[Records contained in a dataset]
────────────────────────────────────────
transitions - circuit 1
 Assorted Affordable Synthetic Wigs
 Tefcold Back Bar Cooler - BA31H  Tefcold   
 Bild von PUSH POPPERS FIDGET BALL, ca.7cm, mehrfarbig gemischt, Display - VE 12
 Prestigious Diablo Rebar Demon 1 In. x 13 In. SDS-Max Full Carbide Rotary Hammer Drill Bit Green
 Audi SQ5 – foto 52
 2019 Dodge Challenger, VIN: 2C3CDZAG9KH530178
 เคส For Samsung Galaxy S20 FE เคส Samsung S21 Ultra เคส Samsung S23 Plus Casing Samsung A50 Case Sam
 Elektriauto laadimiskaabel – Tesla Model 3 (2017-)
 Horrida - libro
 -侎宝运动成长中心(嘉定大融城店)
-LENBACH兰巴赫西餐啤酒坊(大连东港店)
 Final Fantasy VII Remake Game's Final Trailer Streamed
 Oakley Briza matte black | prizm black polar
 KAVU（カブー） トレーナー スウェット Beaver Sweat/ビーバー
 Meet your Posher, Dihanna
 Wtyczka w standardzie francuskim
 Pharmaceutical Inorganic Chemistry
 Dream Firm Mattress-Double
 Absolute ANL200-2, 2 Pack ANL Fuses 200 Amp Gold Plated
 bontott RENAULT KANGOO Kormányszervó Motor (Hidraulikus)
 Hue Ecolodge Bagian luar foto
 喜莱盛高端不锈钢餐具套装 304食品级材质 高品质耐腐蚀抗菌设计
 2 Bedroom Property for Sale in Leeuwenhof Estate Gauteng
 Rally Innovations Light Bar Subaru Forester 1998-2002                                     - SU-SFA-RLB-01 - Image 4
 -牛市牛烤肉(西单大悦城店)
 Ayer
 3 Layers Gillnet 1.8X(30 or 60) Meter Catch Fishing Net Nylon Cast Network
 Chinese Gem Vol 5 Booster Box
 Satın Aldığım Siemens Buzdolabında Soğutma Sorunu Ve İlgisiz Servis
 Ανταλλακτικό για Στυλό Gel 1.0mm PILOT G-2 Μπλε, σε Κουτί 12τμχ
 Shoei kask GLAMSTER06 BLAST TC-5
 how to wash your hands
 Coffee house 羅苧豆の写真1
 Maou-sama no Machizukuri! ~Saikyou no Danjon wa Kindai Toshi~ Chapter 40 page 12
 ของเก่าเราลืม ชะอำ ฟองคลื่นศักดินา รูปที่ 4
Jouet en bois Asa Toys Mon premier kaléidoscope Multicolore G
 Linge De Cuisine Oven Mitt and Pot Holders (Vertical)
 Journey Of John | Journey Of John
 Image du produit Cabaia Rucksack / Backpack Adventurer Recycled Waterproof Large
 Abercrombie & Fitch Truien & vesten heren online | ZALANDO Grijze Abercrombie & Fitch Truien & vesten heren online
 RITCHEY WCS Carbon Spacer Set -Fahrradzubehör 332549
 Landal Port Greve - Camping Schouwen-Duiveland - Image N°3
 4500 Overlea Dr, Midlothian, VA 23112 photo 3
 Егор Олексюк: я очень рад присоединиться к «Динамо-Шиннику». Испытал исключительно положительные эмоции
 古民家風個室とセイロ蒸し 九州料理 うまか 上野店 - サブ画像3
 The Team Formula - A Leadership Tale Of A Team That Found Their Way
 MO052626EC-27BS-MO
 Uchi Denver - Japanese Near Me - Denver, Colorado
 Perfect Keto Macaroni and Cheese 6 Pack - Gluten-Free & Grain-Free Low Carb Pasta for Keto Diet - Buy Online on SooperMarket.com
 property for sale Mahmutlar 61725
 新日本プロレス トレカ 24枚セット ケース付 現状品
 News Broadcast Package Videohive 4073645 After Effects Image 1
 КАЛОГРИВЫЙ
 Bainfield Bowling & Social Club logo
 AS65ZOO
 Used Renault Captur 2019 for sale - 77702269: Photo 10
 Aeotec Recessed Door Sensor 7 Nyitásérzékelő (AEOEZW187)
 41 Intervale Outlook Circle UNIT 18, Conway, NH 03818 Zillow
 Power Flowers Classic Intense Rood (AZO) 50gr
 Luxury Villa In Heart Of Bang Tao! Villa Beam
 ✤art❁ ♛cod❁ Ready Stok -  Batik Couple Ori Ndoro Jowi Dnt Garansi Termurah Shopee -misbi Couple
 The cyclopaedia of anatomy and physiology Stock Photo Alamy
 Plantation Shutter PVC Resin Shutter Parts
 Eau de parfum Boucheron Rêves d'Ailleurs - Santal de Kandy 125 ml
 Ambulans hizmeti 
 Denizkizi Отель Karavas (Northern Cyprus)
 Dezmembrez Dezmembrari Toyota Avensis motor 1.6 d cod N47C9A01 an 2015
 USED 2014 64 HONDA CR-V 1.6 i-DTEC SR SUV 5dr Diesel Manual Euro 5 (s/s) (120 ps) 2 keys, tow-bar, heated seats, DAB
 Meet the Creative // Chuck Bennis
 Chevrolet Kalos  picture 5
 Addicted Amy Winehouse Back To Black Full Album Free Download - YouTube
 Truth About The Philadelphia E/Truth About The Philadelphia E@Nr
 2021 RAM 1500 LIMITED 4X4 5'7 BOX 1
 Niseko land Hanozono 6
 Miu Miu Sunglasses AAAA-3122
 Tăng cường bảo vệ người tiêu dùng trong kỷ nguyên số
────────────────────────────────────────
- Exercise objective
Looking through the entries, count the lines that hold the word "Free" and state that count alone.

- Reply
2